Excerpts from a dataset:
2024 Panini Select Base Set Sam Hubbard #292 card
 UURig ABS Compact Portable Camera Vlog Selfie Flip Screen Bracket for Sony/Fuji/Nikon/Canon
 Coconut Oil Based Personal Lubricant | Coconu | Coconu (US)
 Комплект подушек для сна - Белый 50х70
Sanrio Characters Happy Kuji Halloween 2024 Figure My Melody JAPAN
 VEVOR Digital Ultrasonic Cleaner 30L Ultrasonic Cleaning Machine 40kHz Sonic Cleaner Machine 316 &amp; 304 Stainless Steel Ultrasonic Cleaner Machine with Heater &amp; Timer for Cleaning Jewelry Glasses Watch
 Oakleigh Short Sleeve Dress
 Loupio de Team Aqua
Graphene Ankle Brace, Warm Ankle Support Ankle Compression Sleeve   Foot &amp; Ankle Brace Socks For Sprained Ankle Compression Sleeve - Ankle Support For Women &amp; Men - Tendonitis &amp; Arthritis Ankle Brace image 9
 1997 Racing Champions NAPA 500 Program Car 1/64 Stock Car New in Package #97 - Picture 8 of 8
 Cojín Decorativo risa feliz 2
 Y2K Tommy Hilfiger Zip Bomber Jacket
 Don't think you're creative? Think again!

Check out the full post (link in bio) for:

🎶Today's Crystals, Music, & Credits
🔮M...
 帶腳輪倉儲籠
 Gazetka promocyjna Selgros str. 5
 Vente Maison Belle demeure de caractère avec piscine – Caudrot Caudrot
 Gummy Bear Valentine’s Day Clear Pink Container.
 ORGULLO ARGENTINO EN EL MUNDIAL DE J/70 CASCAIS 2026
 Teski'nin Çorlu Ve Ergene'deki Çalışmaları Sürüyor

## Exercise aim
Pull out all lines in the data above that include "Sleeve".

## Task result
 Oakleigh Short Sleeve Dress
Graphene Ankle Brace, Warm Ankle Support Ankle Compression Sleeve   Foot &amp; Ankle Brace Socks For Sprained Ankle Compression Sleeve - Ankle Support For Women &amp; Men - Tendonitis &amp; Arthritis Ankle Brace image 9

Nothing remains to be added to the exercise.